Práticas de planejamento urbano e de materialização do meio ambiente urbano, todavia, antecedem o século XIX. Choay (1980, p. 16) afirma que “os próprios historiadores do século XX não hesitam em falar de ‘urbanismo’ grego e romano, quando querem designar ordenamentos urbanos cuja racionalidade testemunha claramente uma reflexão específica”.

Entendo que o urbanismo, não se limitando à caracterização geométrica e locacional dos espaços que compõem as cidades, é uma ciência social atravessada por diversas ciências e diversos domínios de conhecimento. O urbanismo também se denomina ciência urbanística e consiste numa ciência social aplicada à compreensão, ao estudo e à elucidação de assuntos relacionados aos espaços urbanos, considerando-se necessariamente interações e entrelaçamentos com espaços arquitetônicos.

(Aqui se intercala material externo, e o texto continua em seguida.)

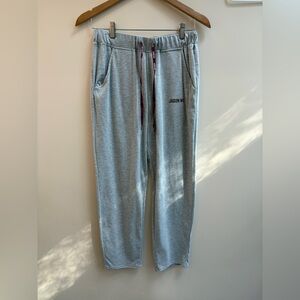 Jason Wu Lounge Pants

Tendo sua existência detectada ao longo de séculos e, mesmo, de milênios, o urbanismo não é uma ciência plenamente descortinada e livre de mistérios. Pessoas evoluem, comunidades evoluem, as ciências também evoluem.

 

Referências bibliográficas:

CERDÀ, I.. Teoria general de la urbanización, y aplicación de sus principios y doctrinas a la reforma y ensanche de Barcelona. Imprenta Española, 1867.

CHING, F. D. K., ECKLER, J. F.. Introdução à arquitetura. 1. ed.. Trad. Alexandre Salvaterra. Porto Alegre: Bookman Editora, 2014. 421 p. Título original em inglês: Introduction to Architecture.

CHOAY, F.. A regra e o modelo: sobre a teoria da arquitectura e do urbanismo. 2 ed., 1980. Trad. Geraldo Gerson de Souza. São Paulo: Perspectiva, 1985. 334 p. Título original em francês: La règle et le modèle: sur la théorie de l’architecture et de l’urbanisme.

DEBRASSI, T. M. F. B.. Paradigmas e teorias da cidade: das reformas urbanas ao urbanismo contemporâneo - o caso de Barcelona. 2006. 206 f. Dissertação (Mestrado) - Programa de Pós-Graduação na área de Urbanismo, Pontifícia Universidade Católica de Campinas, Campinas, São Paulo, 2006.

HERTZBERGER, H.. Lições de Arquitetura. 1. ed. 1991. Trad. Eduarado Lima Machado. 3. ed. São Paulo, SP: Martins Fontes, 2015. 272 p. Título original em inglês: Lessons for Studentes in Architeture.

LIMA, J. A. de A.. Urbanismo como ciência, técnica e arte: sua política e sua proteção legal. Arquitextos. São Paulo, ano 03, ago. 2002. Disponível em < https://vitruvius.com.br/revistas/read/arquitetxtos/03.027/760 >. Acesso em 04/08/2020. Acesso em: 01 jun. 2019. ISSN 1809-6298.

ZEVI, B.. Saber ver a arquitetura. 6. ed., 1984. Trad. Maria Isabel Gaspar, Gaëtan Martins de Oliveira. São Paulo, SP: Martins Fontes, 2009. 286 p. Título original em italiano: Saper Vedere L’architettura.